Yesus tidak memasuki Kota Suci dengan menunggang kuda, tidak diperlengkapi untuk perang atau pertempuran. TIDAK! Keledai tidak pernah menjadi binatang perang. Tetapi sifatnya yang rendah hati dan suka melayani cocok dengan misi Yesus sebagai Mesias. Dia datang bukan untuk menaklukkan dengan pedang, tetapi dengan cinta pengorbanan yang rendah hati. Di situlah letak tanda kekuatan ilahi-Nya.

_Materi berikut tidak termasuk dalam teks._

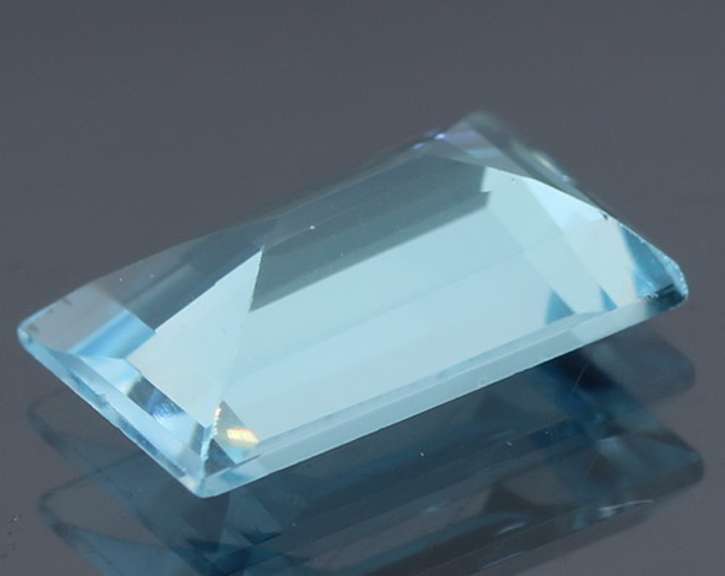 Beautiful 4.45ct emerald cut Topaz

Ketika Yesus masuk ke Yerusalem hari itu, dia datang sebagai hakim, tetapi bukan untuk menang dalam perang. Dia juga tidak datang untuk melarikan diri. Dia datang untuk menyelamatkan. Dia berjalan ke penjara pertama. Pada dirinya sendiri - pada tubuhnya sendiri - penghakiman harus dilakukan yang seharusnya menimpa semua pelanggar hukum Tuhan. Hal ini dimaksudkan agar semua orang yang percaya kepada-Nya dapat memperoleh hidup yang kekal. Hakim membiarkan dirinya disalibkan sebagai "Anak Domba Allah, yang menghapus dosa dunia" agar kita bisa bebas (Yohanes 1,29:XNUMX).

Pesan kasih karunia yang lembut

Dalam babak pertama dari hari penghakiman yang besar ini, keledai dengan setia berdiri di sisi hakim yang ditunjuk oleh Allah. Dengan ini, telinga panjang yang setia membantu Anak Domba Allah, melalui keistimewaannya yang menakjubkan, untuk menjaga ingatan akan kasih karunia Allah yang unik tetap hidup hingga hari ini.

Sungguh makhluk yang luar biasa!

Tinggalkan Komentar

Alamat e-mail Anda tidak akan dipublikasikan.

Saya menyetujui penyimpanan dan pemrosesan data saya sesuai dengan EU-DSGVO dan menerima ketentuan perlindungan data.